The carcinogenic risk of high dose total body irradiation in non-human primates.

PURPOSE

High dose total body irradiation (TBI) in combination with chemotherapy, followed by rescue with bone marrow transplantation (BMT), is increasingly used for the treatment of haematological malignancies. With the increasing success of this treatment and its current introduction for treating refractory autoimmune diseases the risk of radiation carcinogenesis is of growing concern. Studies on tumour induction in non-human primates are of relevance in this context since the response of this species to radiation does not differ much from that in man.

MATERIALS AND METHODS

Since the early sixties, studies have been performed on acute effects in Rhesus monkeys and the protective action of bone marrow transplantation after irradiation with X-rays (average total body dose 6.8 Gy) and fission neutrons (average dose 3.4 Gy). Of those monkeys, which were irradiated and reconstituted with autologous bone marrow, 20 animals in the X-irradiated group and nine animals in the neutron group survived more than 3 years.
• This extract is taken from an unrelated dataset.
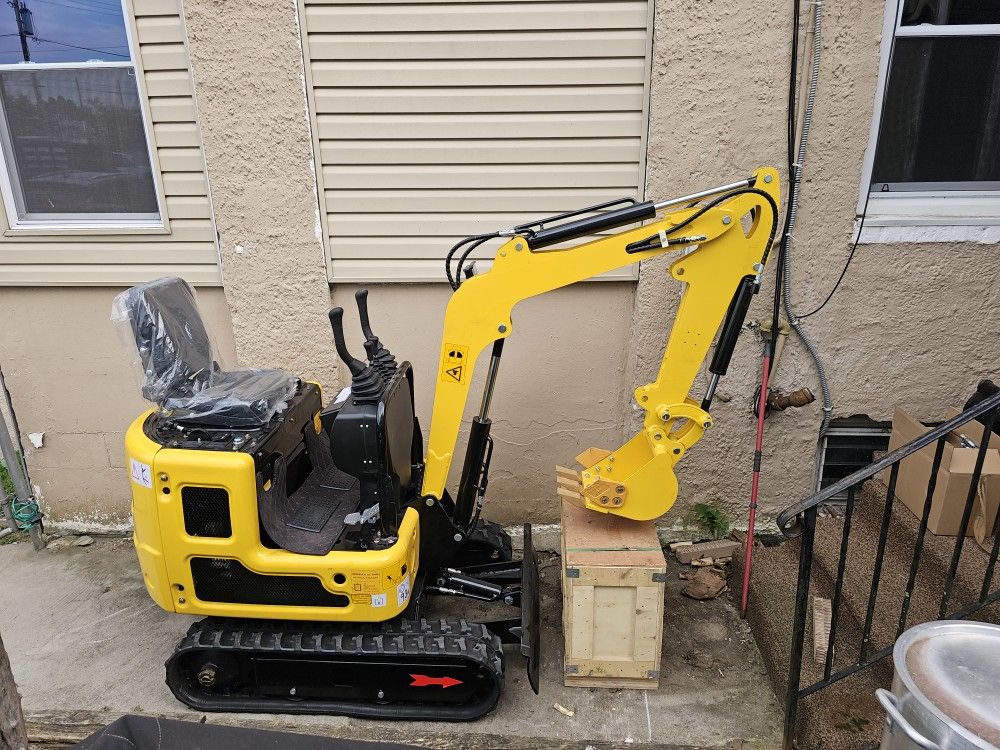 Landscaping Equipment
A group of 21 non-irradiated Rhesus monkeys of a comparable age distribution served as controls. All animals were regularly screened for the occurrence of neoplasms. Complete necropsies were performed after natural death or euthanasia.

RESULTS

At post-irradiation intervals of 4-21 years an appreciable number of tumours was observed. In the neutron irradiated group eight out of nine animals died with one or more malignant tumours. In the X-irradiated group this fraction was 10 out of 20. The tumours in the control group, in seven out of the 21 animals, appeared at much older age compared with those in the irradiated cohorts. The histogenesis of the tumours was diverse with a preponderance of renal carcinoma, sarcomas among which osteosarcomas, and malignant glomus tumours in the irradiated groups.

CONCLUSIONS

When corrected for competing risks, the carcinogenic risk of TBI in the Rhesus monkeys is similar to that derived from the studies of the Japanese atomic bomb survivors. The increase of the risk by a factor of 8, observed in the monkeys, indicates that patients are likely to develop malignancies more frequently and much earlier in life after TBI than non-exposed individuals. This finding underlines the necessity of regular screening of long-term surviving patients subjected to TBI and BMT.